San Francisco, my friends, ain't all about guys in frills and clam chowder on the Wharf.
In a good number of parts of The City, people are just trying to get by. And that's getting tougher to do while staying alive. This morning, on the other side of the street from our old apartment, two men were found shot dead in their car.
Out-in-the-open violence is becoming more of the norm here. Our old neighborhood, for example, was pretty quiet (except when University of San Francisco students were partying). Students smoked pot (and crack) outside our apartment and drunk students pee'd on car doors. But they didn't go around capping each other.

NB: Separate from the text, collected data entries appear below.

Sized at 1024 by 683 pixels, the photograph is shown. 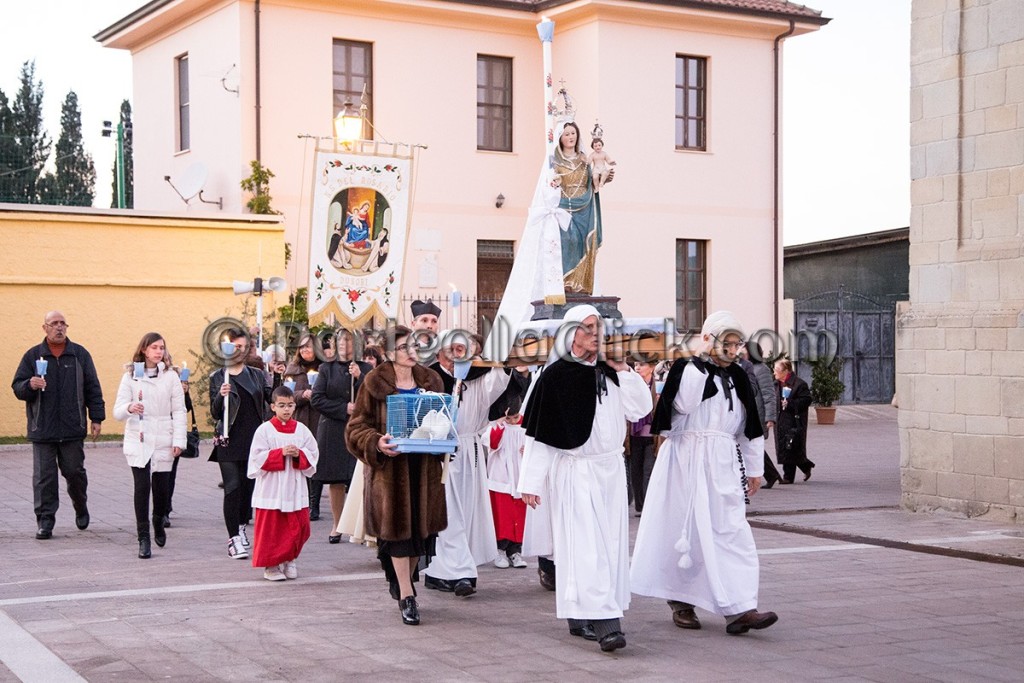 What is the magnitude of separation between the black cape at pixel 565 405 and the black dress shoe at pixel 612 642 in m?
1.06

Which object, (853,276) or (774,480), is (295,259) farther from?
(853,276)

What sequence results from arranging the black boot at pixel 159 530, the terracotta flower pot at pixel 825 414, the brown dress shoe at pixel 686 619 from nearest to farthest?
the brown dress shoe at pixel 686 619 < the black boot at pixel 159 530 < the terracotta flower pot at pixel 825 414

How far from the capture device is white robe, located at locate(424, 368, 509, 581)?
Answer: 9.18 metres

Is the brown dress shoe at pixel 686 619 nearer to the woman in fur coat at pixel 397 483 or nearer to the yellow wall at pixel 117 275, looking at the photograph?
the woman in fur coat at pixel 397 483

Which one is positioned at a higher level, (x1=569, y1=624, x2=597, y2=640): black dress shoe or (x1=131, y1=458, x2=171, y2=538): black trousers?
(x1=131, y1=458, x2=171, y2=538): black trousers

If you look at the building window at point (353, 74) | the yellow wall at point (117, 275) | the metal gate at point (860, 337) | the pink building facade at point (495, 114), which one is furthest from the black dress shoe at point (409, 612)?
the metal gate at point (860, 337)

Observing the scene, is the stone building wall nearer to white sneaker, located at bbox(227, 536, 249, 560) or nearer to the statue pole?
the statue pole

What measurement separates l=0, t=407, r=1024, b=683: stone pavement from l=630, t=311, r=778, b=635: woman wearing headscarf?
32cm

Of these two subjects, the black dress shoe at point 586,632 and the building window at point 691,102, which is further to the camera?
the building window at point 691,102

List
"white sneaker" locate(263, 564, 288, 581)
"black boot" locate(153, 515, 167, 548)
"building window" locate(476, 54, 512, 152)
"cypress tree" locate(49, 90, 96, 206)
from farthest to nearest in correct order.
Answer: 1. "cypress tree" locate(49, 90, 96, 206)
2. "building window" locate(476, 54, 512, 152)
3. "black boot" locate(153, 515, 167, 548)
4. "white sneaker" locate(263, 564, 288, 581)

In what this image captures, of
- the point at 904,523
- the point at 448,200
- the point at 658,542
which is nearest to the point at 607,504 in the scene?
the point at 658,542

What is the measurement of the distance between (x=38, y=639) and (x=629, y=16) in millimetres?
20898

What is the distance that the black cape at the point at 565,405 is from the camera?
768cm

It's one of the most striking differences from the San Francisco we left six years ago. The violence now is everywhere -- not confined to downtrodden areas like the Tenderloin or Bayview or Hunter's Point -- and more and more it's hitting the innocent who happen to be in its path. A couple months ago, a father and two of his teenage sons in their car just happened to block a narrow street; as they were backing up, someone fired into the car, killing all three. A longtime gangbanger was arrested.
The two guys found dead this morning may not have been innocents. I suspect a drug deal gone bad, with their assailant(s) driving them to our old off-the-beaten-path street and firing bullets into their heads from the backseat. We'll see.
Yet the city's leaders are asleep, thinking that regulating pharmacies from selling tobacco products or setting recycling standards or banning trans fats from fast foods (all fine causes normally) makes up for shirking basic services like protecting the lives of residents. But that might require tough decisions that take money away from the politically powerful.
Friends, you still can come to San Francisco, and of course bring your money. Rest assured, Union Square, Fisherman's Wharf, the Castro and crooked Lombard Street will continue to be the safest spots in San Francisco.